Deputy Prime Minister of Montenegro
- In office July 2, 2001 – January 8, 2003 Serving with Dragan Đurović, Žarko Rakčević
- Prime Minister: Filip Vujanović
- In office January 8, 2003 – November 10, 2006 Serving with Dragan Đurović, Jusuf Kalamperović, Miroslav Ivanišević
- Prime Minister: Milo Đukanović

Personal details
- Born: 1961 (age 64–65) Bar, FPR Yugoslavia (now Bar, Montenegro)
- Party: Democratic Party of Socialists
- Spouse: Marijana Gvozdenović
- Children: Marko, Marija
- Alma mater: University of Montenegro
- Profession: Politician

= Branimir Gvozdenović =

Montenegrin politician

Branimir Gvozdenović (Бранимир Гвозденовић; born 1961) is a Montenegrin politician who has served as Deputy Prime Minister in the Government of Montenegro, as well as Minister of Economic Development, Minister of Spatial Planning and Environment, and Minister of Sustainable Development and Tourism, in several DPS-led governments between 1990s and 2016. Gvozdenović most recently served as the Deputy Speaker of the Parliament of Montenegro, from 2016 until 2020. He's a high-ranking member of the DPS, which ruled Montenegro since 1990 until 2020 parliamentary election.

== Political career ==
Gvozdenović served three terms as Deputy Prime Minister, beginning in 2003 as part of the cabinet of Prime Minister Filip Vujanović and then continuing for Prime Minister Milo Đukanović.

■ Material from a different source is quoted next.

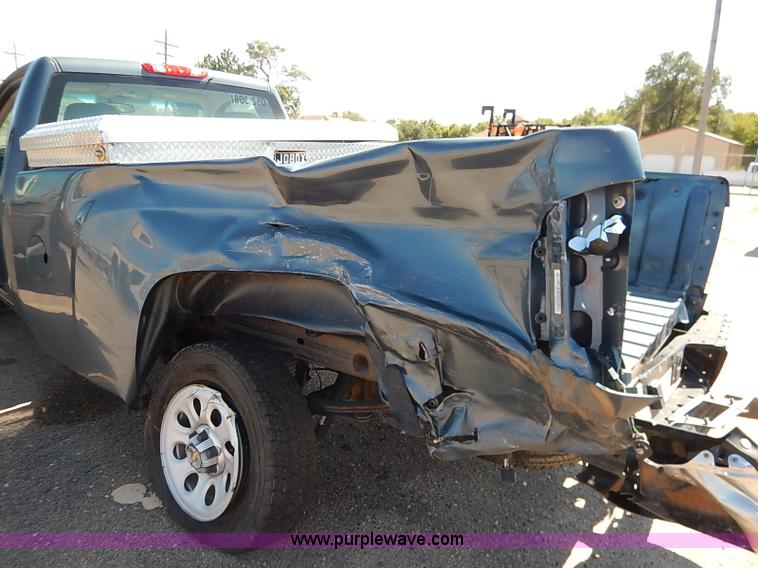 image for item J3005 2011 Chevrolet Silverado 1500 pickup truck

On February 29, 2008, Gvozdenović was appointed Minister for Economic Development. He held that post until June 9, 2009, when he was appointed Minister of Spatial Planning and Environment.

In 2010, Gvozdenović was the Political Director of the ruling Democratic Party of Socialists, a post he held until December 4, 2012, when he was appointed Minister of Sustainable Development and Tourism.

== Personal life ==
Gvozdenović has an electrical engineering degree from the University of Podgorica. He is married to Marijana, and has 2 children: Marko and Marija. He is the uncle of Canadian tennis player Milos Raonic.